The Supreme Court will end the term’s oral argument schedule in April with important cases on same-sex marriage and the death penalty. And the justices announced Thursday that they will release same-day audio of the arguments on whether the Constitution protects the right of same-sex couples to marry.

The court will hear the cases — collectively known as Obergefell v.

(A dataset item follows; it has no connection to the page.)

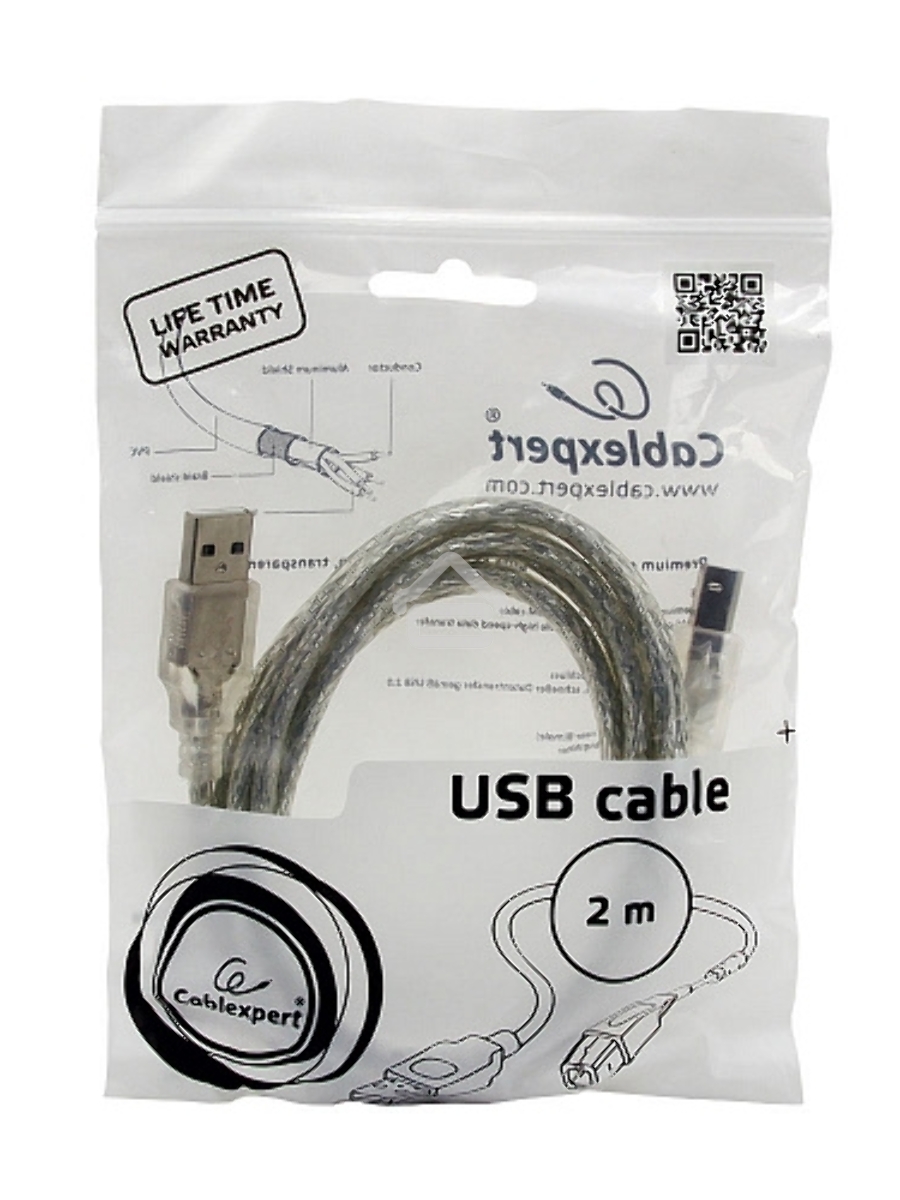 Кабель Cablexpert USB 2.0 Pro, AM/BM, 2м, экран, 2 феррит.кольца, прозрачный (CCF-USB2-AMBM-TR-2M)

Hodges — on April 28. The court has set aside two and a half hours for oral arguments, which will concentrate on two questions: May states limit marriage to its traditional definition as only between a man and a woman, and must states recognize same-sex marriages performed where it is legal.

The U.S. Court of Appeals for the 6th Circuit split with every other appeals court in the country that has confronted the questions when it ruled that Kentucky, Michigan, Ohio and Tennessee are entitled to restrict licensing and recognition to heterosexual couples.

The Supreme Court in 2013 struck down a part of the Defense of Marriage Act that said the federal government would not recognize same-sex marriages performed where they are legal. But it has not ruled on the state recognition question, or whether states — which traditionally define marriage — must offer licenses to gay couples.

Dozens of federal courts have read the court’s reasoning in the DOMA case to mean that state bans on same-sex marriage are unconstitutional, and gay couples currently may marry in three-dozen states.

The court generally does not release audio of its proceedings on the same day as oral arguments. It turned down a request to do so in Wednesday’s case about the Affordable Care Act, King v. Burwell. But it decided differently in the marriage cases. The court did not explain its reasons. And, of course, cameras are not allowed in the Supreme Court.

The Obergefell cases will start at 10 a.m., and the court’s press release said, “The court will post the audio recording and unofficial transcript as soon as the digital files are available for uploading to the Website. The audio recording and transcript should be available no later than 2 p.m. on April 28.” They will be posted on the homepage at

The death penalty case involves the lethal injection method used in Oklahoma. Critics of lethal injection have warned that the sedative midazolam might not work effectively and might subject those being executed to painful conditions that would violate the Constitution’s ban on cruel and unusual punishment.

Glossip v. Gross, the court’s first look at lethal injection procedures since 2008, will be heard on April 29, the last day of oral arguments. After that, the justices will write and issue opinions until finishing their work by the end of June.